Cosell re-watched every snap Newton took in 2011 and came to the conclusion that Newton has become such a good quarterback not because he's a great runner, but because he's such a poised passer. Here's an excerpt of the story from Cosell, who is the nephew of famous broadcaster Howard Cosell and a longtime executive producer:
"Newton did not have a record-setting rookie season because he’s a great athlete. Certainly, his touchdown run against the Bucs late in the season was spectacular, and few quarterbacks have that kind of breathtaking running ability. But no one becomes a great quarterback in the NFL because of the way they run.
"I watched every Newton snap in 2011, and the reality was he played exceptionally well from the pocket. He was poised and composed, decisive and accurate. He stood tall and delivered the ball in the eye of the storm. He made difficult throws into tight coverage. He did not run unless it was the last and only option or it was a designed play call. What was so extraordinary about Newton’s season was that he transitioned to the NFL in a manner that was unexpected and unforeseen based on his college résumé. He was primarily a run/option quarterback at Auburn. While the big arm and occasional NFL throw were there, Newton was not often asked to display the attributes necessary to thrive on Sundays.

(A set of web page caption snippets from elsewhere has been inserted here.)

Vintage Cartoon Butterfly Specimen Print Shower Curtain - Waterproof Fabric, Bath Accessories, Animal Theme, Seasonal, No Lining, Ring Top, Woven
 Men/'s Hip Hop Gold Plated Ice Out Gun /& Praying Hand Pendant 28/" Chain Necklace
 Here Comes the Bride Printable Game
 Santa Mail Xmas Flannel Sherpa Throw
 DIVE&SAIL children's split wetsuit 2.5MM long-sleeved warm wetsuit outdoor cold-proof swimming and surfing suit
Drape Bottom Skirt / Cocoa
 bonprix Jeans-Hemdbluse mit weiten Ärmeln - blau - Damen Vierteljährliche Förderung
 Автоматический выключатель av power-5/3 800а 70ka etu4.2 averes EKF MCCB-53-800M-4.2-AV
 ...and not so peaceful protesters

"Two early-season plays really stood out last fall, and previewed Newton’s exceptional season. His first NFL touchdown pass, 77 yards to Steve Smith on the opening Sunday, featured a change in protection against a blitz. The ability to recognize and then adjust before the snap is an increasingly necessary attribute to play at a high level in this league, and Newton demonstrated it in Week 1. Three weeks later against the Bears, on a 26-yard completion to Smith, Newton showed the kind of progression reading and pocket toughness that are two hallmarks of top quarterback play. The initial read was to his left, but it was taken away by the Bears coverage. With the pocket collapsing, Newton came backside to Smith on a dig route. It was as good as it gets. And that was his fourth NFL start."